AIM OF THE EXERCISE
When you reach the line below that has "Notebook - Field", start returning lines exactly, and stop after the line that has "Vintage model aladdin"; skip the pictures.

MATERIAL SHOWN
########

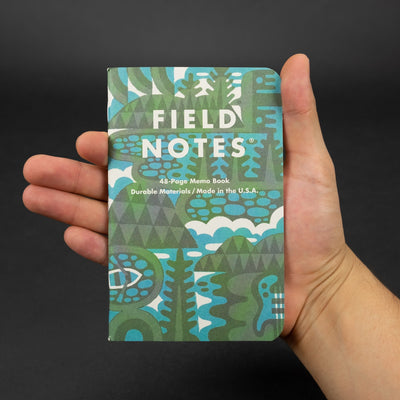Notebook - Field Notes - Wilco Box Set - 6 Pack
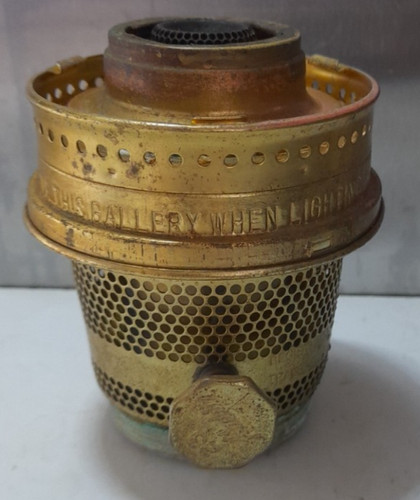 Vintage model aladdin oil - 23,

########

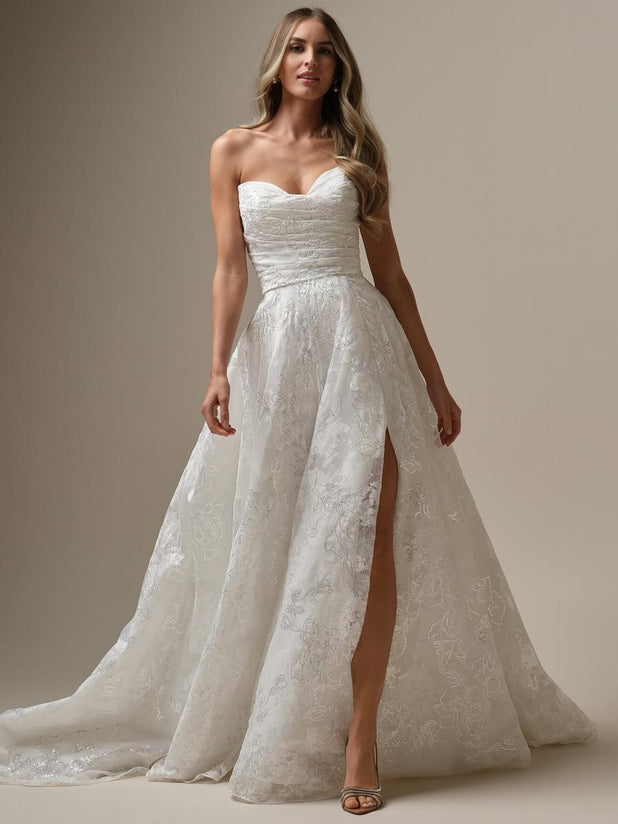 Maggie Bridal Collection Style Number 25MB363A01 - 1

########

SOLUTION FOR THIS EXERCISE
Notebook - Field Notes - Wilco Box Set - 6 Pack
 Vintage model aladdin oil - 23,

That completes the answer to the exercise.